# An ideal crawl technique.



## Chris Hobson (Aug 30, 2022)

Following on from my earlier post about kick drills, we have got our legs sorted so what about our arms. From my own experience and from watching the kid's classes at the pool, I have reached the conclusion that just about everyone learns to do the crawl by starting out doing it badly and then eliminating faults one by one. First some terminology. Our arms move in a sort of eliptical motion which has two phases. The pull phase when our arm is in the water and we are propelling ourselves forward. The recovery phase when our arm is out of the water and reaching forward before starting the next pull. Now, time to start ironing out those faults.

Hooking. When reaching forward to start our next pull our elbow is bent and our hand is entering the water in front of our face. This is a problem firstly because the hand entering the water at an angle is actually briefly propelling us backwards which we obviously don't want. Secondly the bent arm shortens our pull phase, we want our pull to be as long as possible so bent arm bad ok. My solution to this fault was to over compensate by doing my recovery phase really wide until I got the hang of it.

Head too high. Our body needs to stay horizontal in order to progress efficiently. I've never really understood why this is but if we lift our head up our legs sink and mess up our streamlined position in the water. For most people getting their head down is no problem, they come unstuck every time they have to take a breath. When doing the crawl we breath out through our mouth and nose while under the water. We breath in by turning our head to the side just enough so that we can breath in through our mouth without taking a drink. Whether we breath in every other stroke, every third stroke or every fourth stroke tends to be down to individual preference, I normally breath every three. We need to avoid lifting our head and concentrate on just turning to the side.

Finishing pull too early. The pull needs to be as long as possible. Our hand needs to brush our thigh just above the knee before we move into the recovery phase.

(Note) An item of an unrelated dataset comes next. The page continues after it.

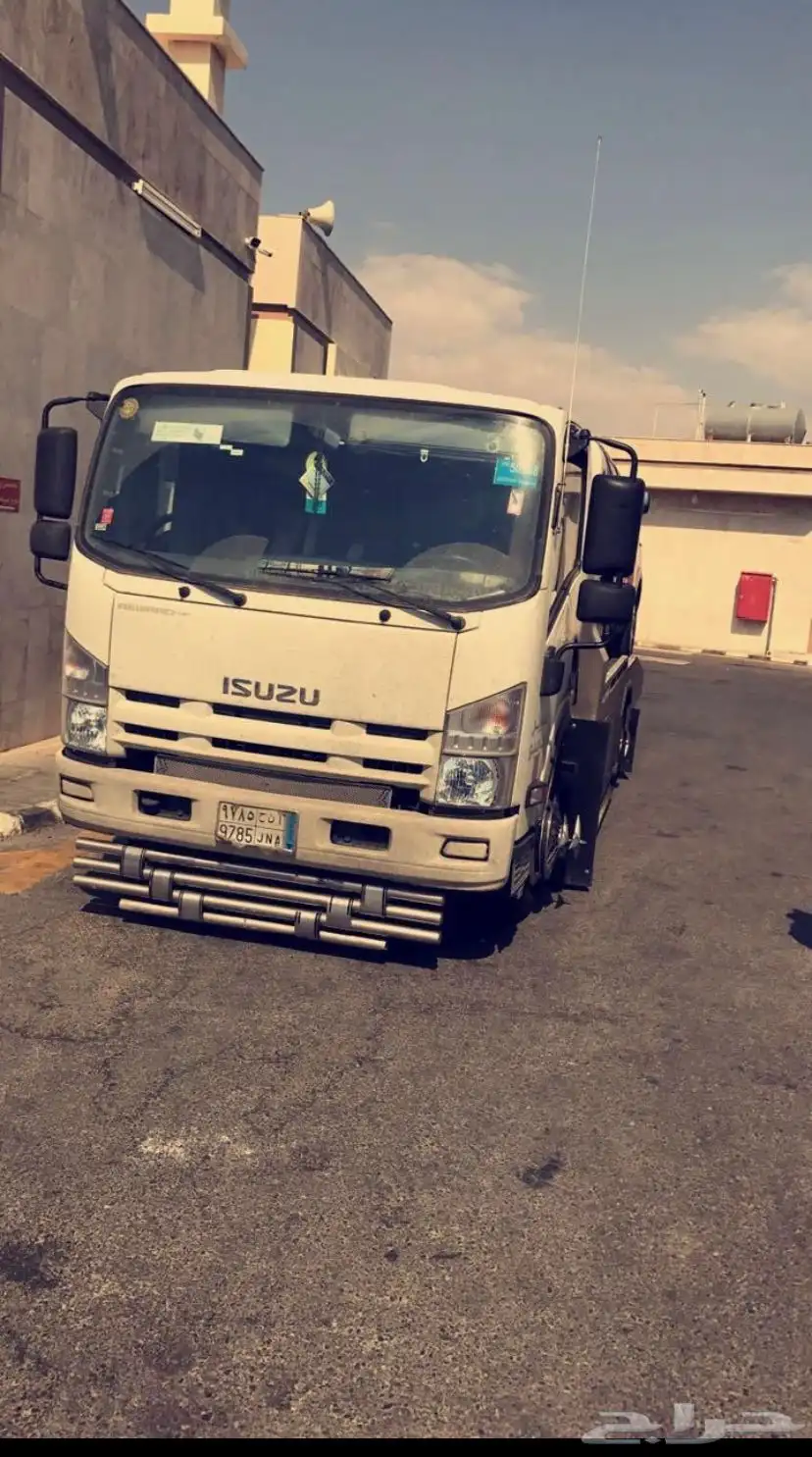 سطحة 0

These are the biggest problems that contribute to poor crawl technique. Once these are dealt with we are down to the fine tuning, maybe for a later post.


----------



## Lucyr (Aug 30, 2022)

All my swimming was learnt by going at the same time as the kids lessons and listening to their teachers correct them to improve their technique! It’s a good strategy. I really miss swimming and would love to go again but not sure how I could get back into it, especially since the suspected chronic fatigue syndrome. I only did breaststroke but was working on my technique and speed.


----------



## Lisa5466 (Nov 13, 2022)

I'm currently having lessons in Crawley. I've managed to sort the legs, arms and face down issues, but can't for the life of me manage the sideways head turn to breathe. Every breath results in a mouthful and a coughing fit! Will keep trying....apparently one day it will all click


----------



## Lucyr (Nov 14, 2022)

Lisa5466 said:


> I'm currently having lessons in Crawley. I've managed to sort the legs, arms and face down issues, but can't for the life of me manage the sideways head turn to breathe. Every breath results in a mouthful and a coughing fit! Will keep trying....apparently one day it will all click


I don’t think I’d be much good at the sideways breathing either. You’re doing more than me in managing the rest of the crawl though, I only manage breaststroke


----------



## Chris Hobson (Nov 14, 2022)

I had the same problem when I wanted to change from breathing every four strokes to breathing every three. I had always turned to the left to breath which I could do fine, but in order to breath on every third stroke I had to learn what is termed bilateral breathing, taking every alternate breath by turning to the right. I was either getting a mouthful of water or turning my head so far that I was looking at the ceiling. At the time I was attending the masters swim classes at Beverley leisure centre. The coach there used to split his time between two groups. The proper swimmers and the bunch of wannabees that I was in. At the start of one class I mentioned the problem that I was having with the breathing and he said "Right, that's your task for tonight, get going up and down the pool and by the end of the session I want to see you doing it right." So I set on and by the end of the night I had pretty much cracked it.


----------